Direct costs are expenses that are directly relevant and chargeable to a particular sponsored project, process or program relatively easily and with a high degree of accuracy. Examples of direct costs are includes salaries, travel, equipment and supplies directly benefiting the supported project or activity. Direct costing is very effective for controlling variable costs, because it can create a variance analysis report that compares the actual variable cost to what the variable cost per unit should have been. Direct costing is useful for plotting changes in profit levels as sales volumes change. It is relatively simple to create a direct costing table that points out the volume levels at which additional direct costs will be incurred, so that management can estimate the amount of profit at different levels of corporate activity. Direct costing is also useful for deciding whether to manufacture an item in-house or maintain a capability in-house, or whether to outsource it. If the decision involves manufacturing in-house or elsewhere, it is crucial to determine how many staff and which machines will actually be eliminated; in many cases, these resources are simply shifted elsewhere within the company, so there is no net profit improvement by shifting production to a supplier. A direct costing analysis is usually only valid within the constraints of the current capacity level. It requires a more sophisticated form of direct costing analysis to account for changes in costs as sales volumes or production volumes increase. Direct costing is an excellent analysis tool. It is almost always used to create a model to answer a question about what actions management should take.
Indirect costs are those costs that are incurred for common or joint objectives, and cannot be easily and specifically determined with a particular sponsored project, an instructional activity, or any institutional activity [federal Uniform Administrative Requirements, Cost Principles and Audit Requirements for Federal Awards issued by the Office of Management and Budget (Uniform Guidance)]. Indirect cost are often identified as “facilities and administrative costs” or “overhead.” Example of Indirect costs are salaries to clerical and administrative assistants, secretaries or director, office supplies such as pens and papers, and facilities like building and maintenance.

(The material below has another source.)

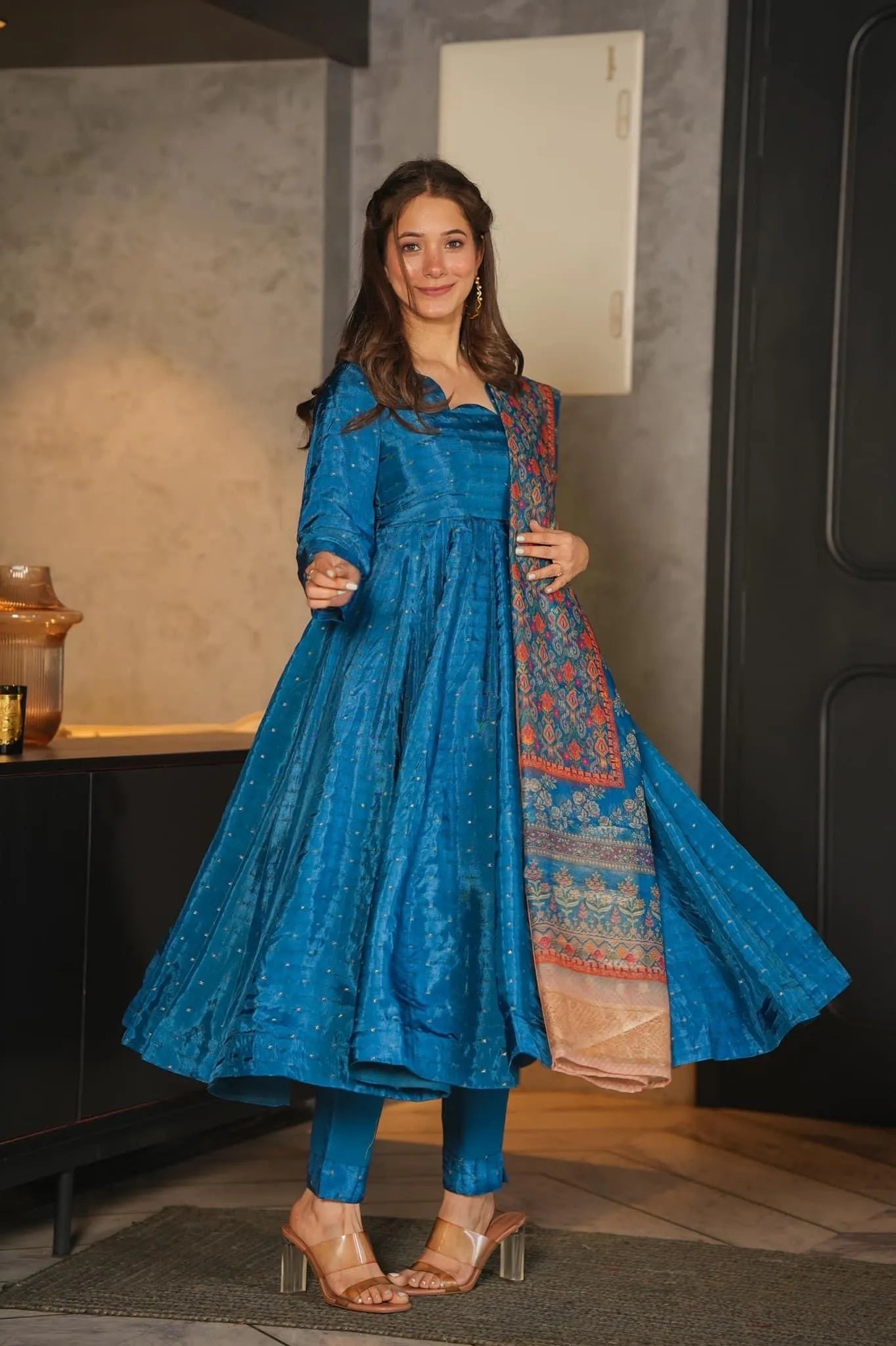 aqua blue silk suit set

Variable costs are cost that changes with the quantity of output produced. Variable cost directly affected by the fluctuations in the activity levels of the enterprise. Variable cost varies with the variations in the volume, i.e. when there is an increase in the production, variable cost will also increase proportionately with the same percentage and when there is no production there will be no variable cost. The Variable cost is directly proportional to the units produced by the enterprise.

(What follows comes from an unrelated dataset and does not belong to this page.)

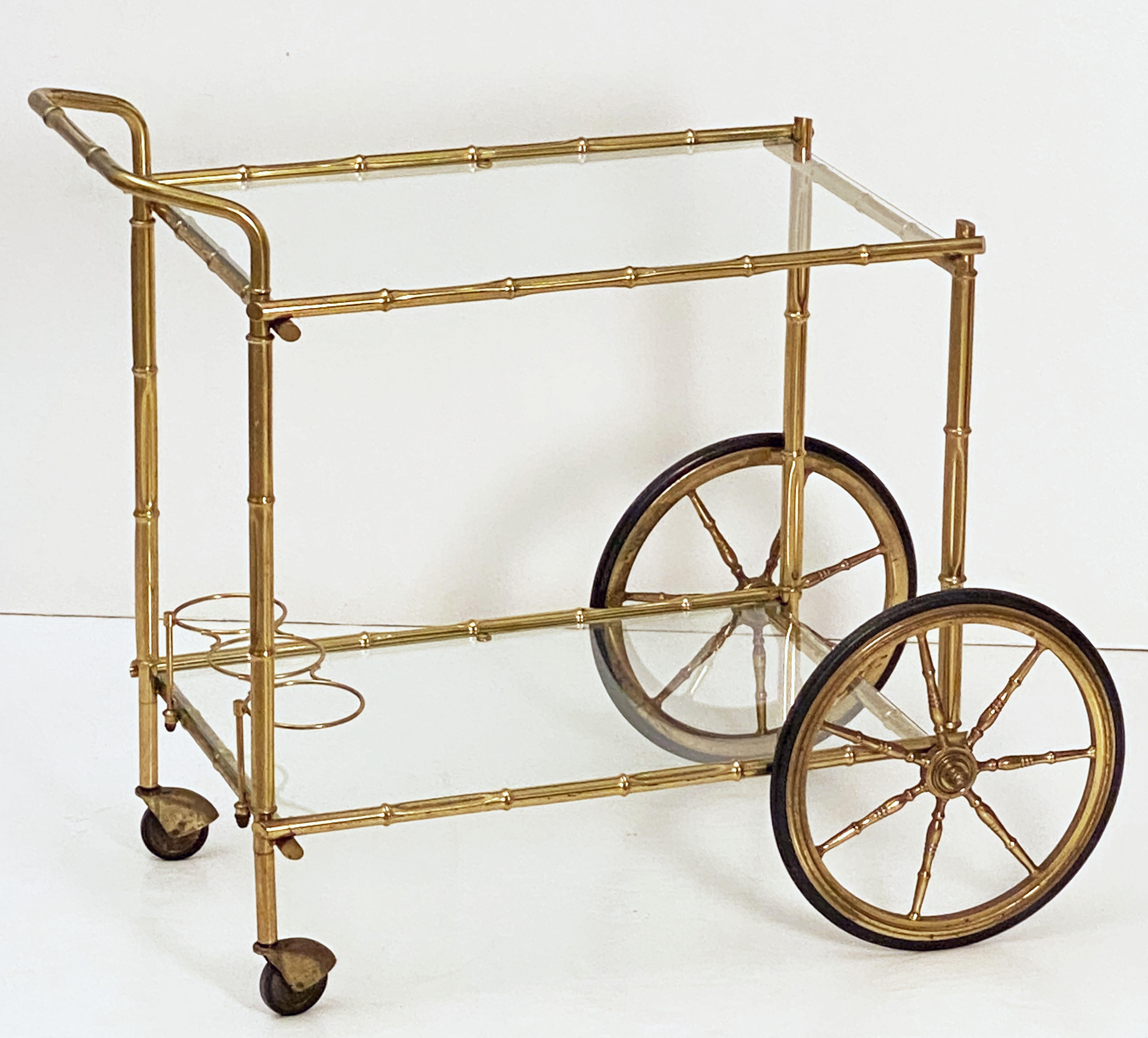 French Faux Bamboo Drinks Cart of Brass and Glass For Sale 13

Fixed costs are the cost which remains constant at different levels of output produced by an enterprise is known as Fixed Cost. They are not affected by the momentary fluctuations in the activity levels of the organization. Fixed Cost remains constant does not mean that they are not going to change in future, but they tend to be fixed in the short run. This can be explained with an example, If your company is operating the business in a rented building, so whether you produce tons of output, or you produce nothing, you have to pay the rent of the building, so this is a fixed expense which is constant over a period until the rent of the building increases or decreases.